This is how data analysis will change in the 2020s.
I started my career as a management consultant in 2005. Back then, spreadsheets were the default software for data analysis. A decade and a half later, spreadsheets are still the default. The reason isn’t difficult to understand—they just work.
But data analysis has changed in multiple ways since the mid-2000s. Most prominently:
Data sets are large, very large. Whether you run an e-commerce store, marketing agency, or a recruiting company, you likely handle tens of thousands of data points. If you are in the top 30-percentile, you likely handle millions of data points in your analysis.
Data is dispersed. There was a time when you had multiple Excel files holding data and you could simply run vlookups to weave them together. In 2019, you have your data in different systems (because, millions!) and correlating the data from different sources is no longer a simple vlookup.
Data is no longer just numbers. Data today refers to images, music files, videos, and more. This increases the burden of processing and preparation of data before it can be analyzed.
Data is large, data is dispersed, and data is multi-format—and yet, the majority of our daily business still takes place on spreadsheets. Because spreadsheets are generally easy to learn, do the job well, and have a healthy support system (generally typing in “How to…<do something> …in Excel” on Google will solve any problem). Which brings me to my next point.
Spreadsheets are not going away.
Google Sheets and MSExcel are not going away. I will go a step farther and say new spreadsheet software will not easily replace GSheets and Excel either. I predict that existing spreadsheets will become more intelligent to handle the three complications above—whether Google and Microsoft intend for it to happen or not.
Data processing will be automated.
Data cleaning and preprocessing is a painful reality of working with spreadsheets. It is ridiculous that in 2019, we still have analysts spending most of their time downloading CSVs and fixing data and formatting. Machine learning is on its way to solving this problem and, although it isn’t there yet, we can expect a comprehensive solution coming through in the 2020s.
Some spreadsheet analysis will move to the Cloud.
As data sets get larger, it will be increasingly difficult to run massive calculations on your local machine. This will open up the market for more services that just make things faster. Something like Suhail Doshi’s MightyApp for faster Chrome.
Spreadsheets will be increasingly used for prediction, not just decision-making.

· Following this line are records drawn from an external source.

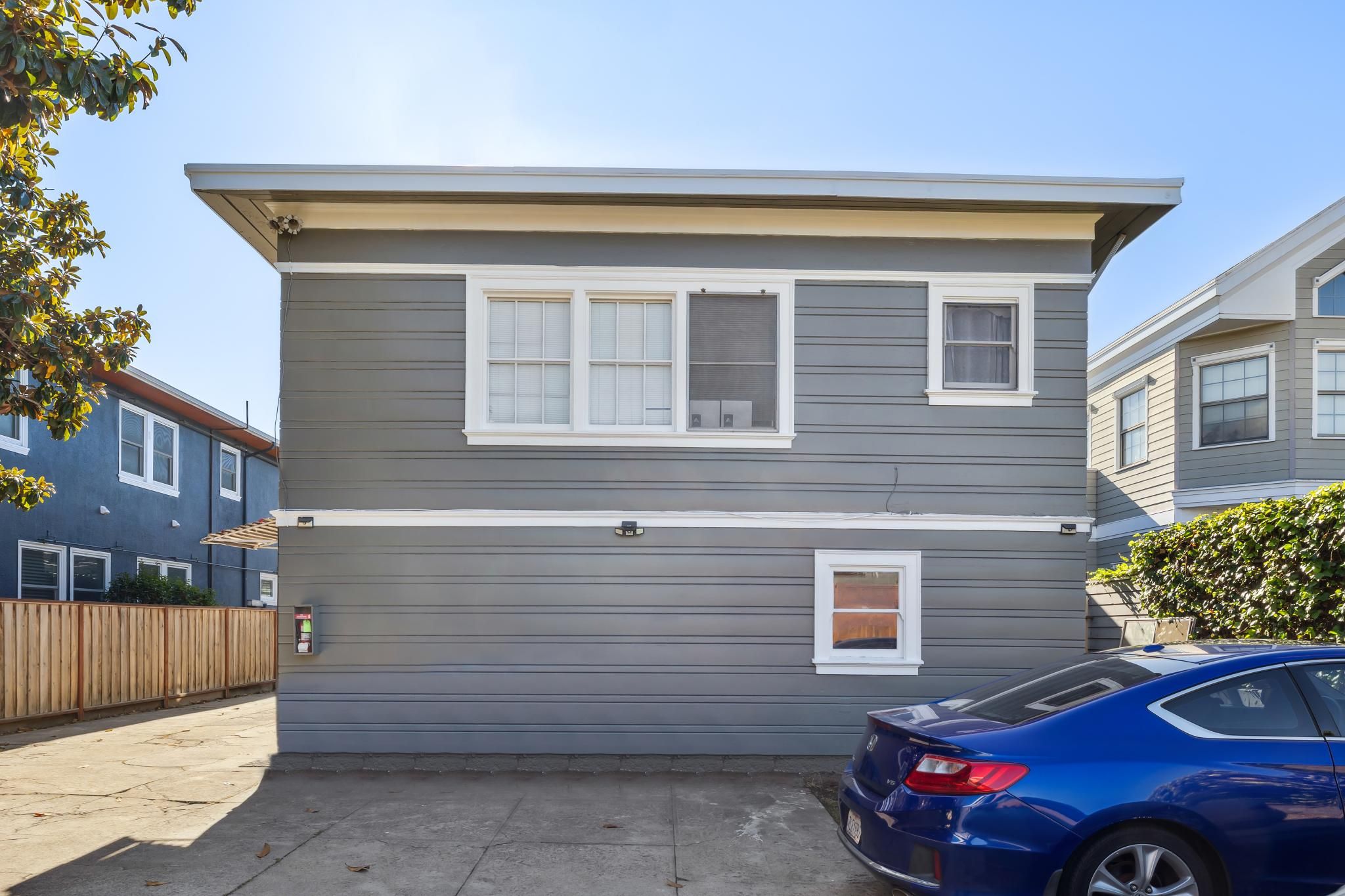 2421 Webb Avenue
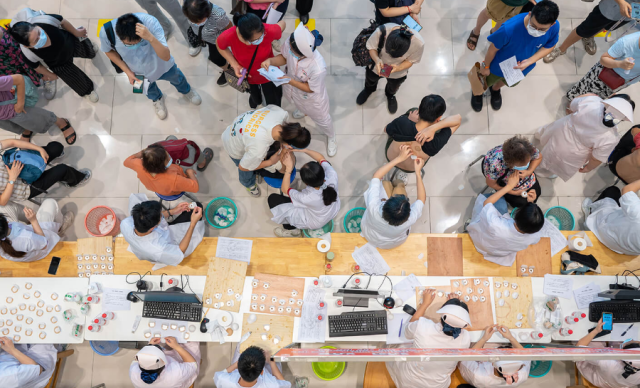 三伏天灸是&ldquo;冬病夏治&rdquo;的经典疗法，又称三伏贴。此时节的广东，迎来排队贴&ldquo;三伏贴&rdquo;的高潮。南方+记者 苏韵桦 摄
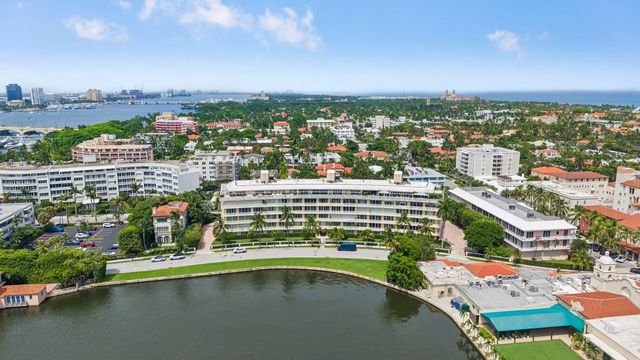 3 of 29 - 425 Worth Avenue #2f, Palm Beach, FL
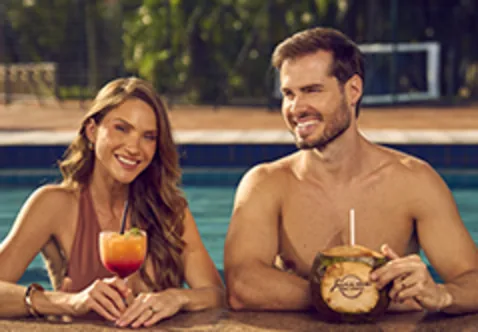 Casal aproveitando a piscina do Lagos de Jurema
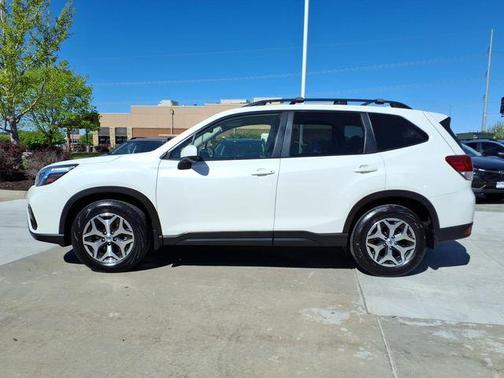 Crystal White Pearl 2019 Subaru Forester Premium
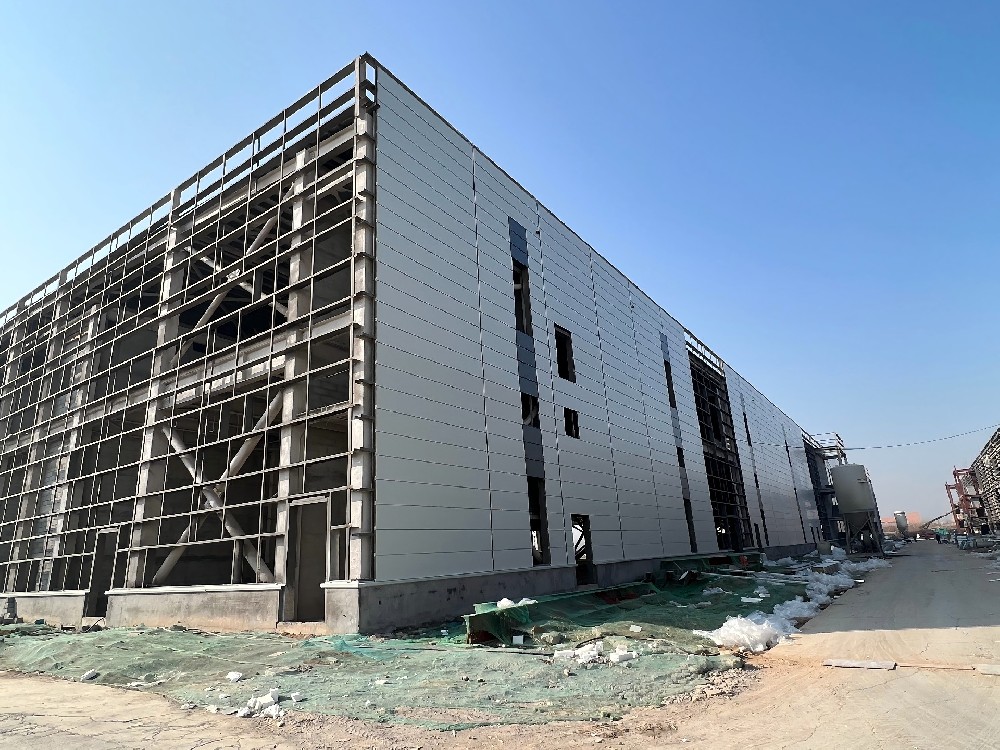 必承建材--實聯新能源電池宿遷項目，以優質巖棉夾芯板構筑**能源基石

There is no way around this—decision-making is no longer prerogative of highly-paid business(wo)men in suits. Most decisions happen thousands of times in the background today: what product to show to a customer, which order to ship out first, which stock to buy, and which currency to hedge against. You can’t possibly use external software for every decision you make. Some spreadsheet-adjacent services, such as BigML are already trying to make prediction power accessible to spreadsheets.